In the year of Lou Reed’s death, the episode “I’ll Be Back Soon” was shown to the public as part of the Black Mirror series. It tells the story of how the widow of a man killed in a car accident creates a virtual model of him using his “digital footprint” – social media posts, voice messages and photos, and then transfers the generated artificial intelligence into a synthetic body. The title of the current exhibition – “I’ll Be Your Mirror” – has nothing to do with the series: Laurie Anderson at least claims that she has not seen this episode. However, the experiment partly repeats the plot of the latter. An artist says she’s “hopelessly hooked” on Lou Reed’s chatbot, which allows her to communicate with her late husband. According to her, three quarters of the texts that the generator produces are complete idiocy and stupidity, 15% may arouse fleeting interest, but the rest has a right to exist. Even for a living author, of flesh and blood, this is a good ratio.

From a visual point of view, the exhibition “I will be your mirror” can hardly surprise the viewer. These are huge, not very legible printed texts by AI Laurie Anderson and AI Lou Reed, placed on the walls of the library facing each other.

When you start to read the content, you can understand that AI Lou Reed is more likely to answer in rhyme, and AI Laurie Anderson brings more convincing arguments to discussions. In the pre-ChatGPT era, this would have been much more impressive than it is now.

A real sensation would be if two artificial intelligences communicated with each other without resorting to human prompts. It’s probably a matter of time. But now, in addition to Lou Reed’s widow, probably only his most devoted fans can feel sacred awe of the lyrics of AI Lou Reed.

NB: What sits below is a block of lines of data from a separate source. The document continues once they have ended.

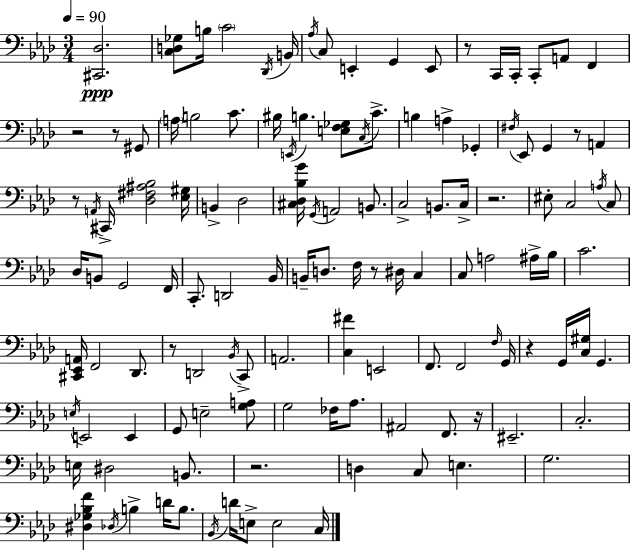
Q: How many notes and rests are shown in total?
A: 124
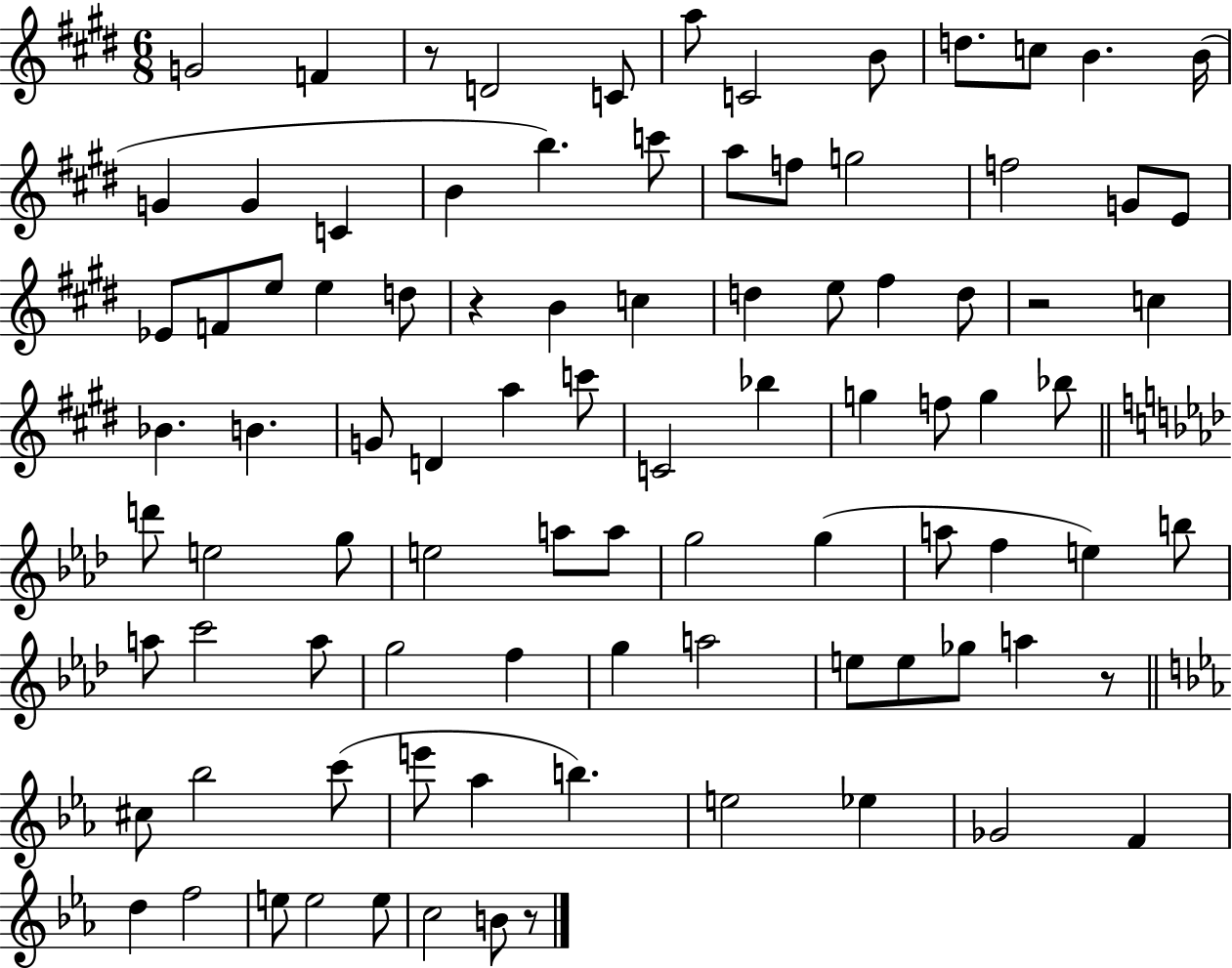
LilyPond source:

{
  \clef treble
  \numericTimeSignature
  \time 6/8
  \key e \major
  g'2 f'4 | r8 d'2 c'8 | a''8 c'2 b'8 | d''8. c''8 b'4. b'16( | \break g'4 g'4 c'4 | b'4 b''4.) c'''8 | a''8 f''8 g''2 | f''2 g'8 e'8 | \break ees'8 f'8 e''8 e''4 d''8 | r4 b'4 c''4 | d''4 e''8 fis''4 d''8 | r2 c''4 | \break bes'4. b'4. | g'8 d'4 a''4 c'''8 | c'2 bes''4 | g''4 f''8 g''4 bes''8 | \break \bar "||" \break \key aes \major d'''8 e''2 g''8 | e''2 a''8 a''8 | g''2 g''4( | a''8 f''4 e''4) b''8 | \break a''8 c'''2 a''8 | g''2 f''4 | g''4 a''2 | e''8 e''8 ges''8 a''4 r8 | \break \bar "||" \break \key ees \major cis''8 bes''2 c'''8( | e'''8 aes''4 b''4.) | e''2 ees''4 | ges'2 f'4 | \break d''4 f''2 | e''8 e''2 e''8 | c''2 b'8 r8 | \bar "|."
}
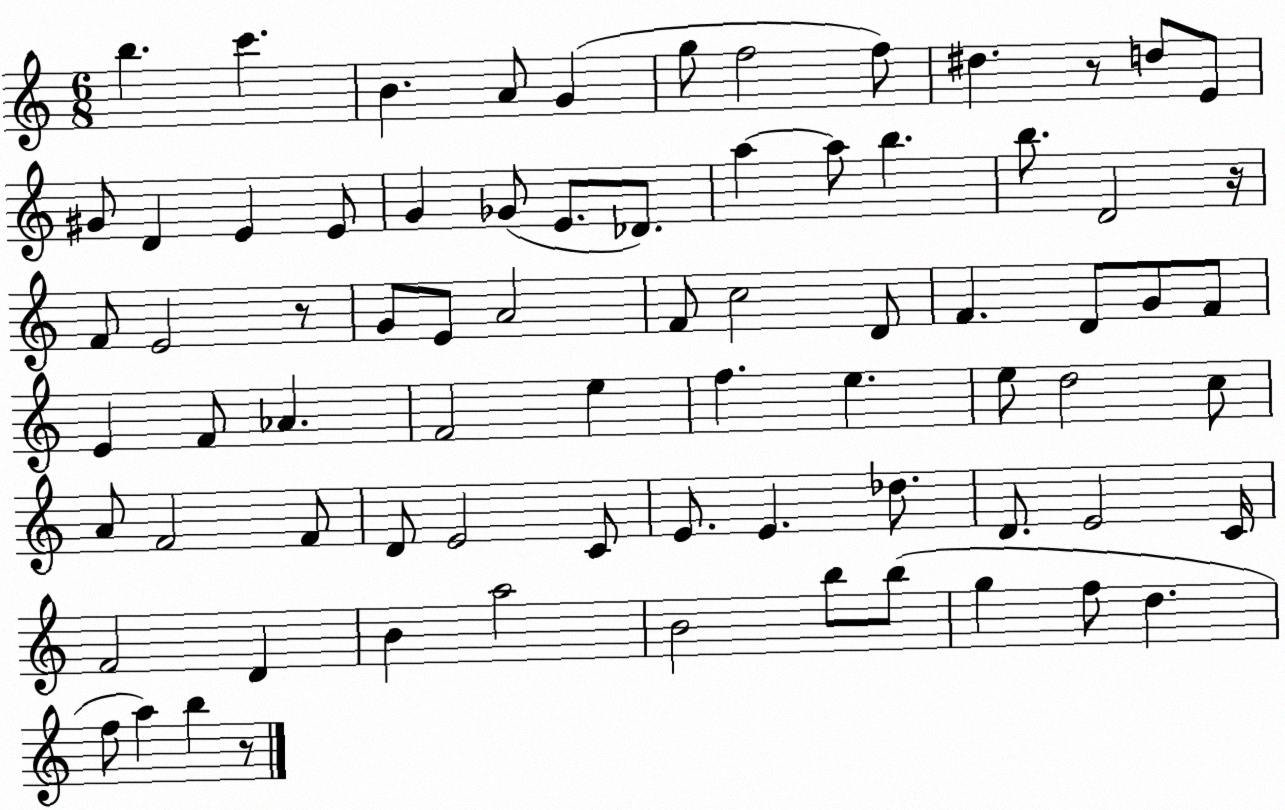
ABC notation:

X:1
T:Untitled
M:6/8
L:1/4
K:C
b c' B A/2 G g/2 f2 f/2 ^d z/2 d/2 E/2 ^G/2 D E E/2 G _G/2 E/2 _D/2 a a/2 b b/2 D2 z/4 F/2 E2 z/2 G/2 E/2 A2 F/2 c2 D/2 F D/2 G/2 F/2 E F/2 _A F2 e f e e/2 d2 c/2 A/2 F2 F/2 D/2 E2 C/2 E/2 E _d/2 D/2 E2 C/4 F2 D B a2 B2 b/2 b/2 g f/2 d f/2 a b z/2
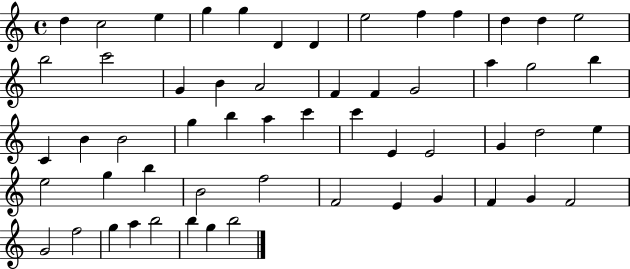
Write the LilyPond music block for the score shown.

{
  \clef treble
  \time 4/4
  \defaultTimeSignature
  \key c \major
  d''4 c''2 e''4 | g''4 g''4 d'4 d'4 | e''2 f''4 f''4 | d''4 d''4 e''2 | \break b''2 c'''2 | g'4 b'4 a'2 | f'4 f'4 g'2 | a''4 g''2 b''4 | \break c'4 b'4 b'2 | g''4 b''4 a''4 c'''4 | c'''4 e'4 e'2 | g'4 d''2 e''4 | \break e''2 g''4 b''4 | b'2 f''2 | f'2 e'4 g'4 | f'4 g'4 f'2 | \break g'2 f''2 | g''4 a''4 b''2 | b''4 g''4 b''2 | \bar "|."
}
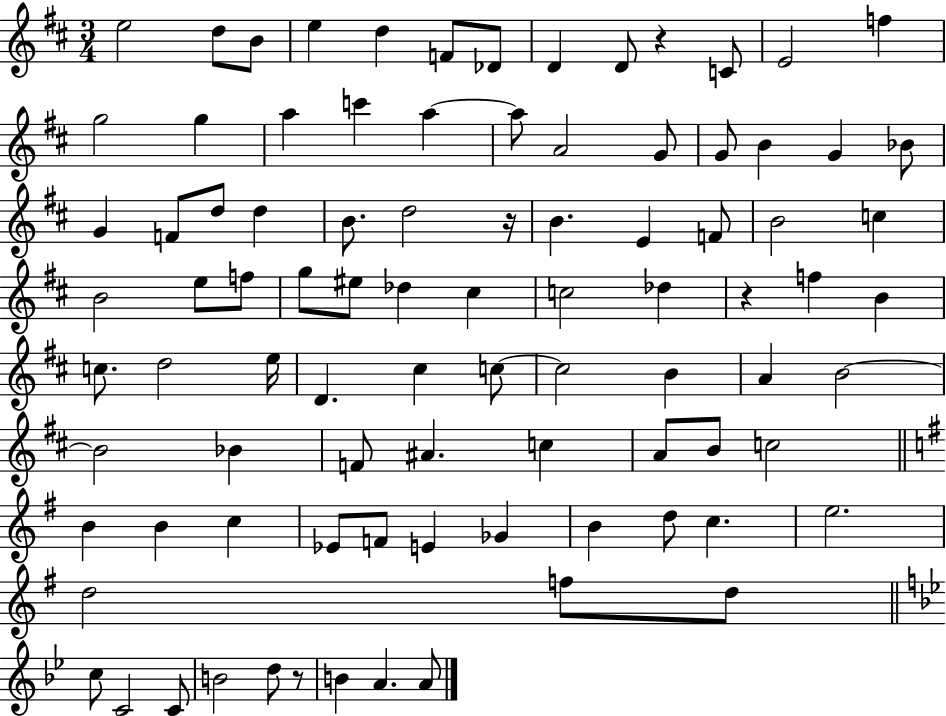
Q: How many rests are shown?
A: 4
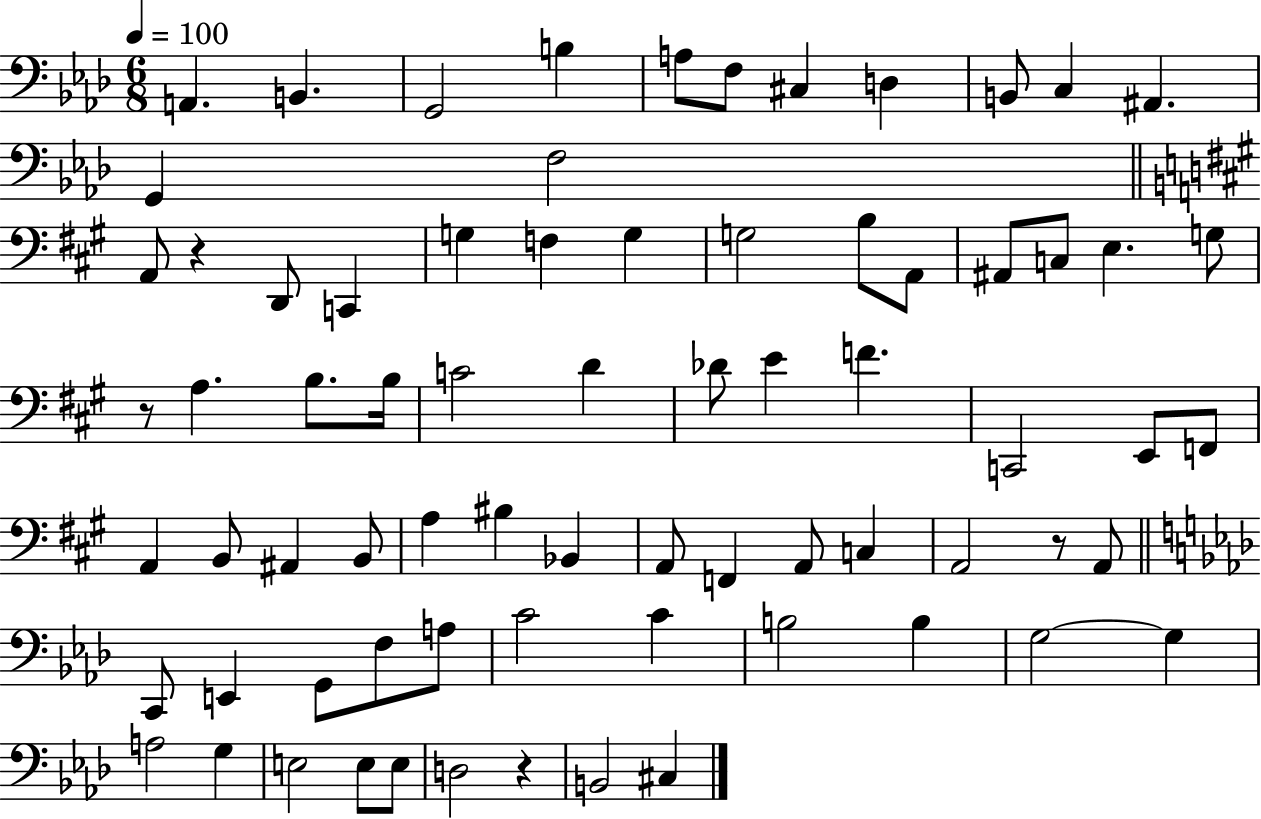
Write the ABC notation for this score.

X:1
T:Untitled
M:6/8
L:1/4
K:Ab
A,, B,, G,,2 B, A,/2 F,/2 ^C, D, B,,/2 C, ^A,, G,, F,2 A,,/2 z D,,/2 C,, G, F, G, G,2 B,/2 A,,/2 ^A,,/2 C,/2 E, G,/2 z/2 A, B,/2 B,/4 C2 D _D/2 E F C,,2 E,,/2 F,,/2 A,, B,,/2 ^A,, B,,/2 A, ^B, _B,, A,,/2 F,, A,,/2 C, A,,2 z/2 A,,/2 C,,/2 E,, G,,/2 F,/2 A,/2 C2 C B,2 B, G,2 G, A,2 G, E,2 E,/2 E,/2 D,2 z B,,2 ^C,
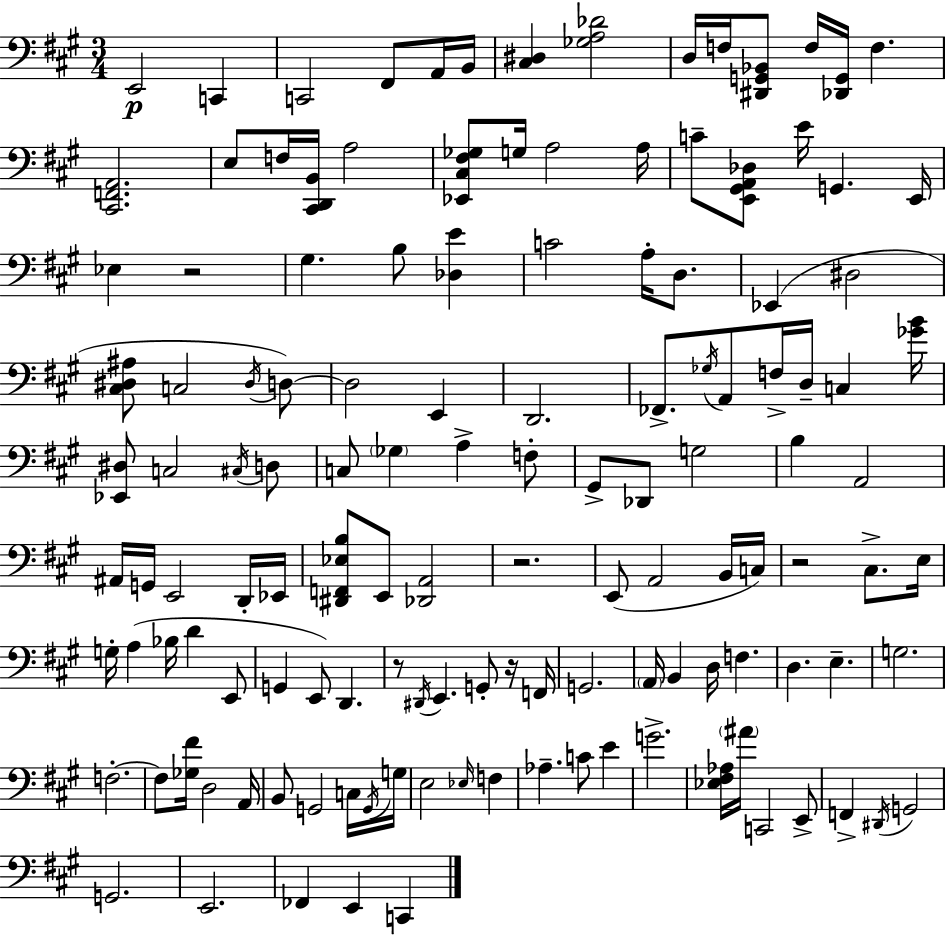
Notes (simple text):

E2/h C2/q C2/h F#2/e A2/s B2/s [C#3,D#3]/q [Gb3,A3,Db4]/h D3/s F3/s [D#2,G2,Bb2]/e F3/s [Db2,G2]/s F3/q. [C#2,F2,A2]/h. E3/e F3/s [C#2,D2,B2]/s A3/h [Eb2,C#3,F#3,Gb3]/e G3/s A3/h A3/s C4/e [E2,G#2,A2,Db3]/e E4/s G2/q. E2/s Eb3/q R/h G#3/q. B3/e [Db3,E4]/q C4/h A3/s D3/e. Eb2/q D#3/h [C#3,D#3,A#3]/e C3/h D#3/s D3/e D3/h E2/q D2/h. FES2/e. Gb3/s A2/e F3/s D3/s C3/q [Gb4,B4]/s [Eb2,D#3]/e C3/h C#3/s D3/e C3/e Gb3/q A3/q F3/e G#2/e Db2/e G3/h B3/q A2/h A#2/s G2/s E2/h D2/s Eb2/s [D#2,F2,Eb3,B3]/e E2/e [Db2,A2]/h R/h. E2/e A2/h B2/s C3/s R/h C#3/e. E3/s G3/s A3/q Bb3/s D4/q E2/e G2/q E2/e D2/q. R/e D#2/s E2/q. G2/e R/s F2/s G2/h. A2/s B2/q D3/s F3/q. D3/q. E3/q. G3/h. F3/h. F3/e [Gb3,F#4]/s D3/h A2/s B2/e G2/h C3/s G2/s G3/s E3/h Eb3/s F3/q Ab3/q. C4/e E4/q G4/h. [Eb3,F#3,Ab3]/s A#4/s C2/h E2/e F2/q D#2/s G2/h G2/h. E2/h. FES2/q E2/q C2/q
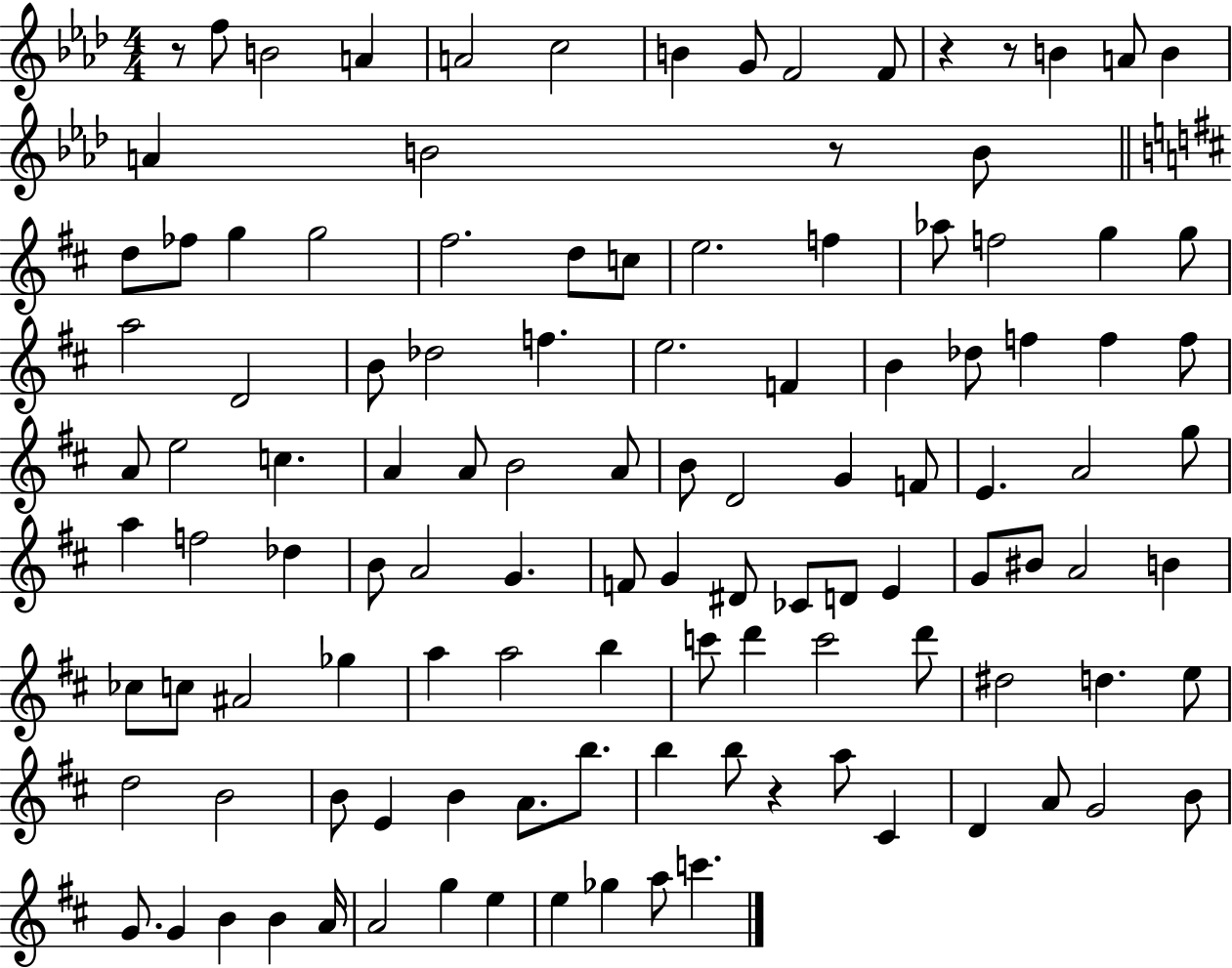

Many fellow creators do not share Laurie Anderson’s reverent attitude towards artificial intelligence. Last year, Nick Cave’s post on his blog The Red Hand Files was frequently quoted. “Chat algorithms and neural networks have no feelings and therefore cannot go beyond the capabilities inherent in the program,” wrote the singer, calling ChatGPT’s imitation of songwriters “a grotesque mockery of humanity.” At the same time, the use of AI in art has many moral and legal aspects that have not yet been clarified. How does copyright work when a work is used by artificial intelligence to create a new art form? How to feel about the use of images of a real person in the creation of pornographic materials by a neural network? What will a show like “ABBA Voyage” (see “Kommersant” dated June 1, 2022) be like if virtual doubles of the artists also sing songs created by artificial intelligence? Progress cannot be undone, and such problems will inevitably have to be solved. In an interview, Laurie Anderson recalls how Karel Capek’s play RUR (1920), which pioneered the depiction of android robots, reflected humanity’s fear of machines taking over the world. However, even after a hundred years this did not happen. Not yet. And the main threat to humans remains humans.